Wednesday, July 22, 2015

Oozing Charm From Every Pore

It was a day of loss--Theo Bikel and E. L. Doctorow dying on the same day.  But it's hard to be sad about Bikel--he was 91 and had had a very amazing life.  He had become known for playing all kinds of relatively modest roles on stage and in the movies, as well as for his folk singing. And he did originate the role of Baron von Trapp in The Sound of Music on Broadway--a show I've studiously avoided for decades but figure at least he likely contributed a bit of authenticity to its schmalz.

Many will remember him as the most frequent portrayer of Tevye in Fiddler, which is fine, although as with every role Zero Mostel originated, it's hard for anyone to succeed completely when following in those footsteps. But Bikel donned the dairyman's overalls more than 2,000 times so I figure he earned his recognition and probably would have told you that it was a most reliable payday.  And given how many other accomplishments he earned on stage and in film, this was no James O'Neill stuck playing The Count of Monte Cristo to the exclusion of all else.
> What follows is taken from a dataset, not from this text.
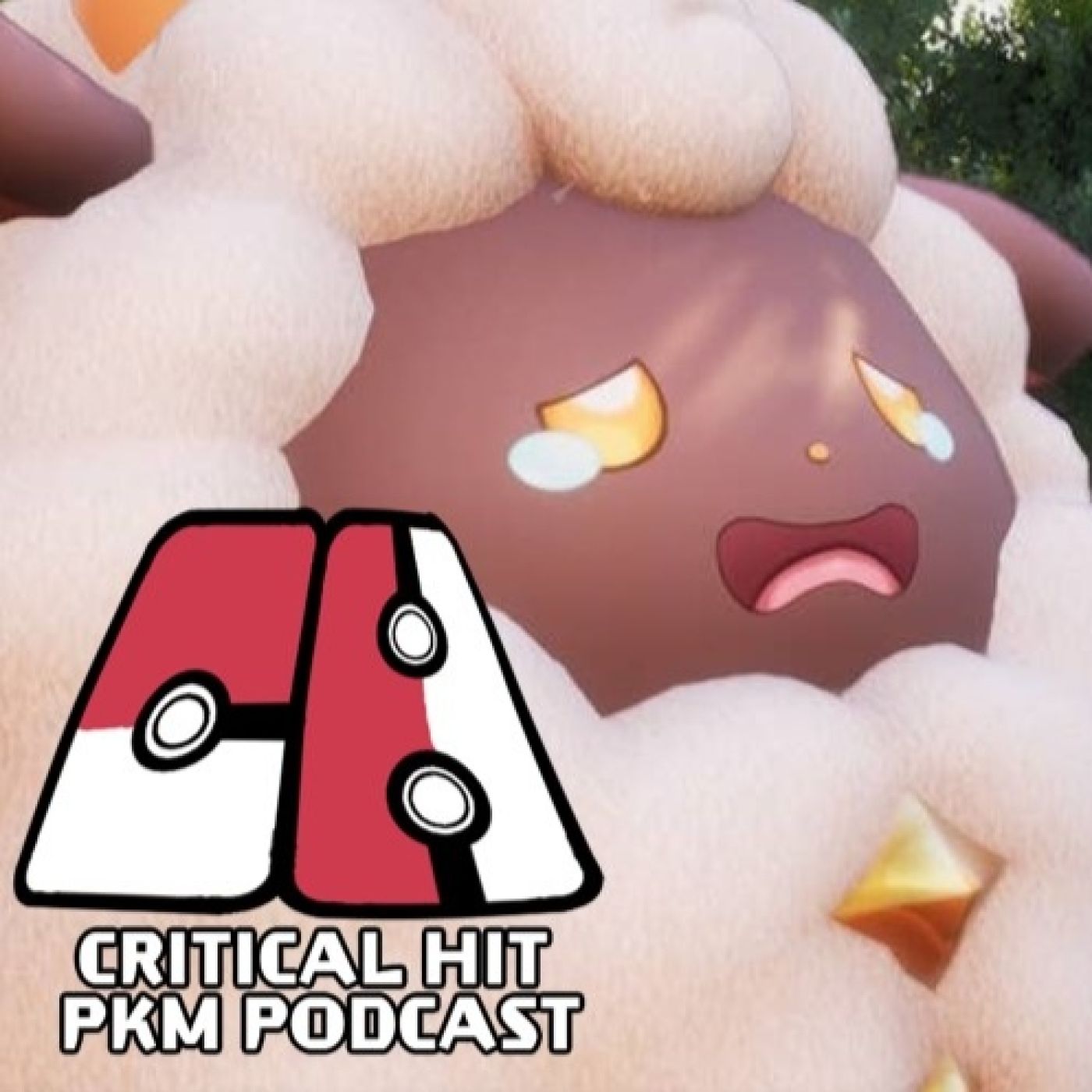 Criticalhit Pokemon podcast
Bikel lent a note of charm to anything he played.  Supporting parts are not supposed to steal from the leads, yet you were enraptured when he appeared. His history--growing up in pre-war Austria and disclaiming any interest in "Viennese heritage" in view of how the posturing "first victims" had behaved toward "my people"--featuring a start in performing in, of all places, Palestine between the wars gave him a worldliness few possessed.

Moreover, he was a true union champion. He rose to the occasion during Equity's 1960 strike and after serving on many committees, was the union's president for many years and then headed the actors' international, the Four A's, for a quarter-century. Wouldn't we have been far better off had he, instead of another supporting player who headed a theatrical union, become America's first President who had served as a union prez?

Doctorow's legacy is more complex but equally stupendous. He had a way of planting you in the era of his loosely-related historical novels, most notably Ragtime. But his most enduring one may turn out to be The Book of Daniel, his imagining of what a son of the Rosenbergs might have experienced. As with so many artists, he saw the craziness of the Rosenberg furor for what it was: yes, we know Julius Rosenberg was guilty, and definitely that even the prosecutors knew Ethel wasn't, but what Sam Roberts and others have shown is that far from being "the crime of the century"--J. Edgar Hoover's phoney assertion--the Russians likely already had received all the nuclear secrets they needed from Klaus Fuchs, who was sentenced in Britain to a brief five years and then high-tailed it to Moscow.

Doctorow had the ability to get you beneath the skin of his characters so you felt yourself the torments they were experiencing. I remember getting annoyed with some of his archetypes in Ragtime until realizing that he had caught a particular character perfectly, like Mother's Younger Brother.  He too was willing to speak up for what he believed--and what he believed made sense.